C'est un plan qui étale le paiement des dettes sur une durée déterminée, avec des mensualités fixes. Dans cette affaire, le juge a fixé un plan de 24 mois avec des mensualités de 100 euros.
Puis-je contester les mesures de la commission de surendettement ?
Oui, vous pouvez former un recours devant le juge des contentieux de la protection dans un délai de 15 jours après notification. Dans ce cas, les débiteurs ont contesté car leur situation s'était aggravée.
Que se passe-t-il si je perds mon procès en appel et dois restituer des sommes ?

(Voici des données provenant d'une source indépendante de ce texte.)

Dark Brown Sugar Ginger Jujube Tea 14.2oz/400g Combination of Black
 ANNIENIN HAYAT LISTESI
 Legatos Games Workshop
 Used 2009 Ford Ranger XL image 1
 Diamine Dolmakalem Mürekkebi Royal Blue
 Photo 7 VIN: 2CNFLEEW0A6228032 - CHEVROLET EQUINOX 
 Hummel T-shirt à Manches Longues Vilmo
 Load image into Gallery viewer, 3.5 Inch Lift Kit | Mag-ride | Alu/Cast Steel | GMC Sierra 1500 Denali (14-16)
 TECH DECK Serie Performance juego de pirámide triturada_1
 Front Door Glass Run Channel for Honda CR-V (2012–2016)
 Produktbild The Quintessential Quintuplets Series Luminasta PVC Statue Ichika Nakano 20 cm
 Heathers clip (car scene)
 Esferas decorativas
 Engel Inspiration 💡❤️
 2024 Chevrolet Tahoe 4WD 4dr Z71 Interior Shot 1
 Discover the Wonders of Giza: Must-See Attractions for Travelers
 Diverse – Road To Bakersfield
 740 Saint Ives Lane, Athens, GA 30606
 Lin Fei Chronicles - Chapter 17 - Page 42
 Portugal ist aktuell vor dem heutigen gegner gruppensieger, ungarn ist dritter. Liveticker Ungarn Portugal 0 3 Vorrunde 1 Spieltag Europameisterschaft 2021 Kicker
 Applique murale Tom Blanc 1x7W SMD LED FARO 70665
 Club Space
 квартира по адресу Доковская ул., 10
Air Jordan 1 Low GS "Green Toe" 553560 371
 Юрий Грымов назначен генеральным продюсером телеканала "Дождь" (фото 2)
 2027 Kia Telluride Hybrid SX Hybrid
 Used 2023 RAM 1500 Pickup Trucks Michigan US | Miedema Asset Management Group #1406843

Si vous devez restituer des sommes perçues en exécution provisoire, cela peut aggraver votre endettement. Le juge en a tenu compte en fixant un plan plus long, mais vous devrez peut-être ressaisir la commission si votre situation change.
Quels sont les effets du plan sur les poursuites des créanciers ?
Pendant la durée du plan, les créanciers ne peuvent pas exercer de procédures d'exécution, comme des saisies. En cas de non-paiement d'une échéance, ils peuvent reprendre les poursuites après mise en demeure.
Que dois-je faire si ma situation financière s'améliore ou se dégrade ?
Vous devez ressaisir la commission de surendettement en cas de changement significatif de vos ressources ou de votre patrimoine, comme le rappelle le jugement.